= DATASET CONTENT =
*** Block opens ***

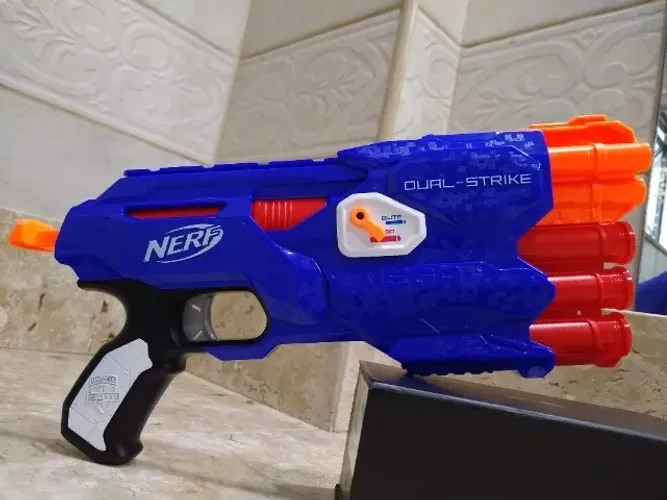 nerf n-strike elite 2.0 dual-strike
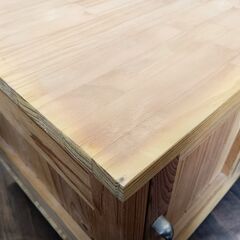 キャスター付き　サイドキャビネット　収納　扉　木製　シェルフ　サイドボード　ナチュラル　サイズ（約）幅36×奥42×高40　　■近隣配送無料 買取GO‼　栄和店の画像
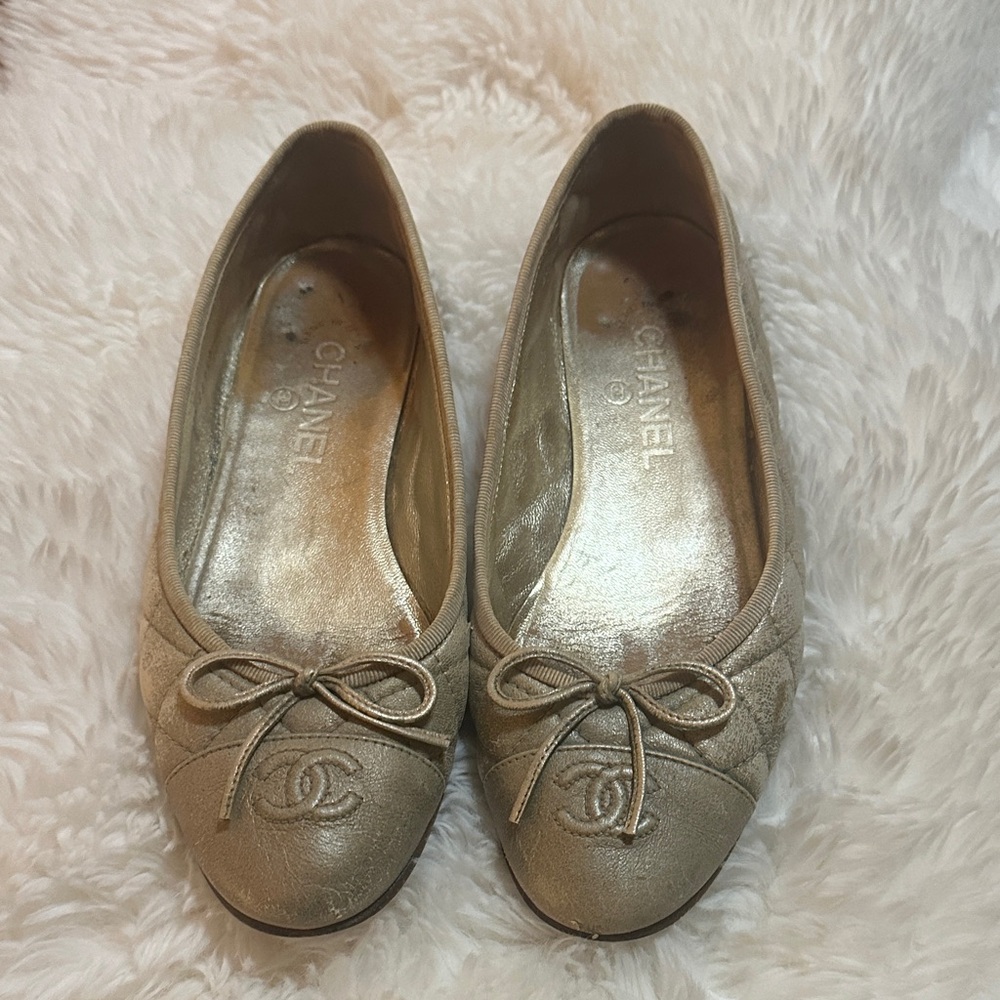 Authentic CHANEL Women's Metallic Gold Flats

*** Block closes ***
*** Block opens ***

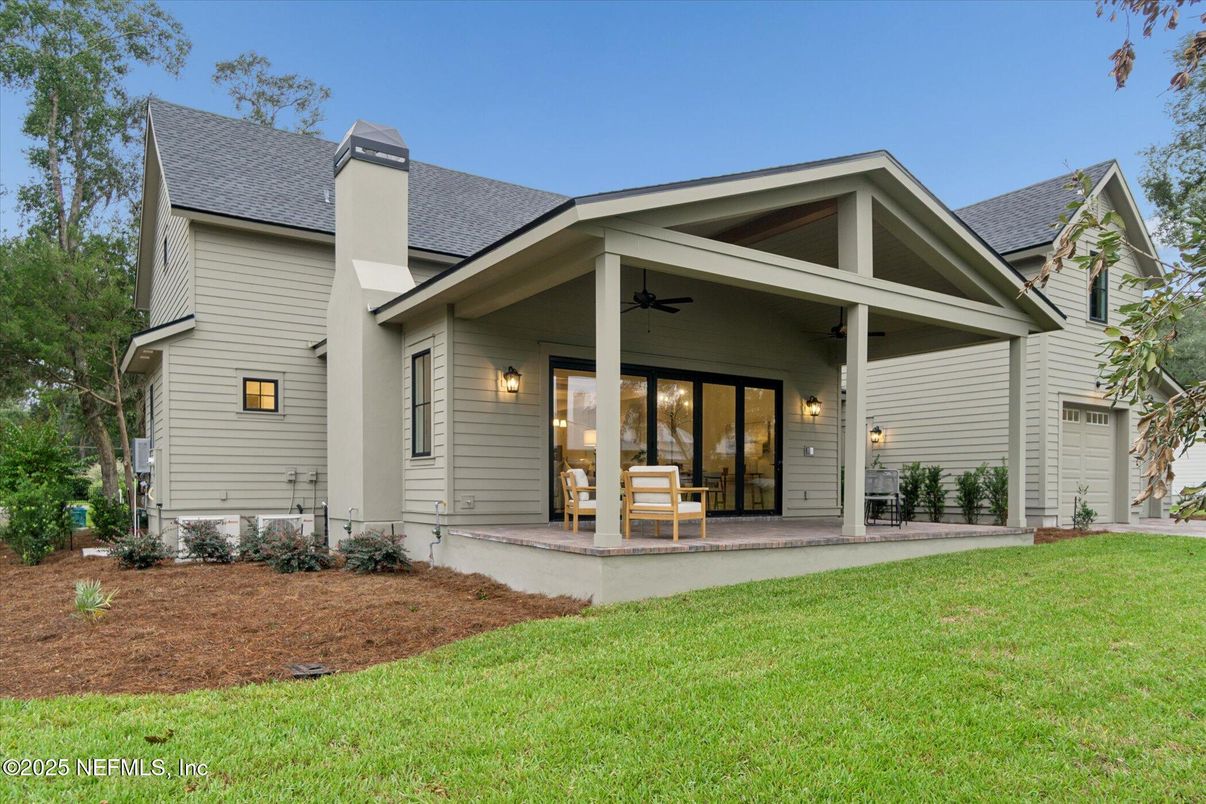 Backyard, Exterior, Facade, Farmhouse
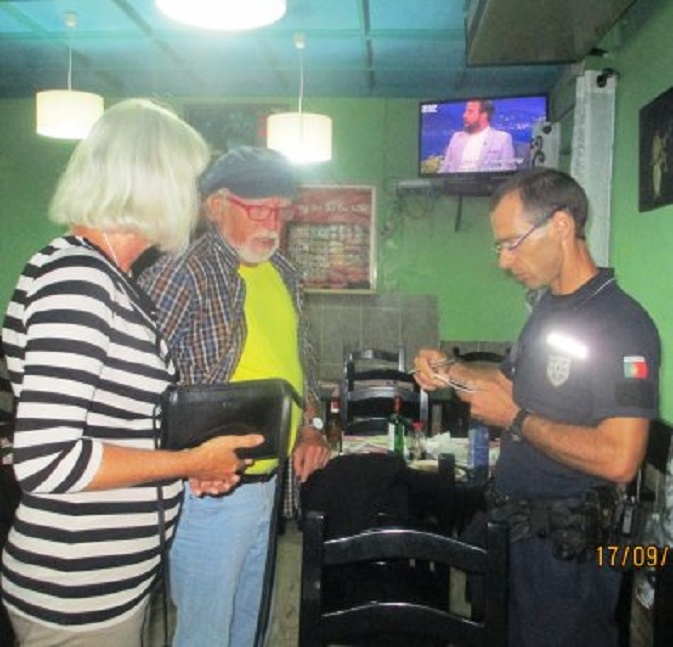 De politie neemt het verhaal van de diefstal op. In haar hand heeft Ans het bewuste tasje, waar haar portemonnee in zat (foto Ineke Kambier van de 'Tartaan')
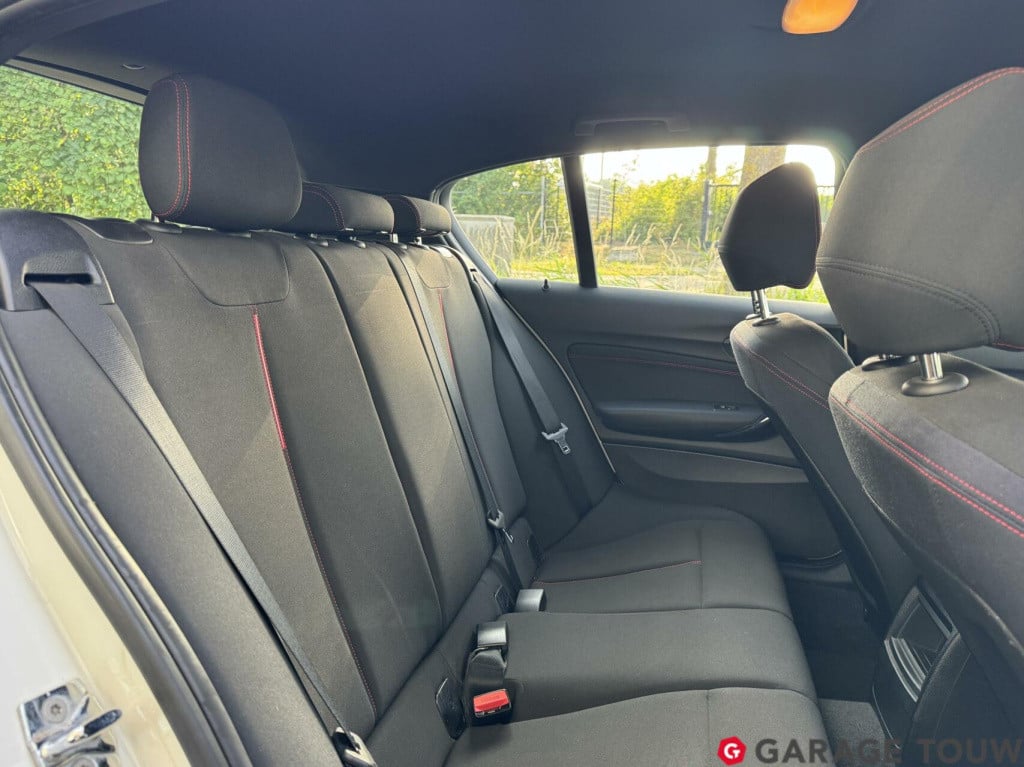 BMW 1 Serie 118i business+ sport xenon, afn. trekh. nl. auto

*** Block closes ***

= EXERCISE DESCRIPTION =
In the listing above, find the line with "Backyard, Exterior, Facade, Farmhouse" and the line with "BMW 1 Serie". Transcribe those two and everything between, exactly, leaving out pictures.

= WRITTEN SOLUTION =
 Backyard, Exterior, Facade, Farmhouse
 De politie neemt het verhaal van de diefstal op. In haar hand heeft Ans het bewuste tasje, waar haar portemonnee in zat (foto Ineke Kambier van de 'Tartaan')
 BMW 1 Serie 118i business+ sport xenon, afn. trekh. nl. auto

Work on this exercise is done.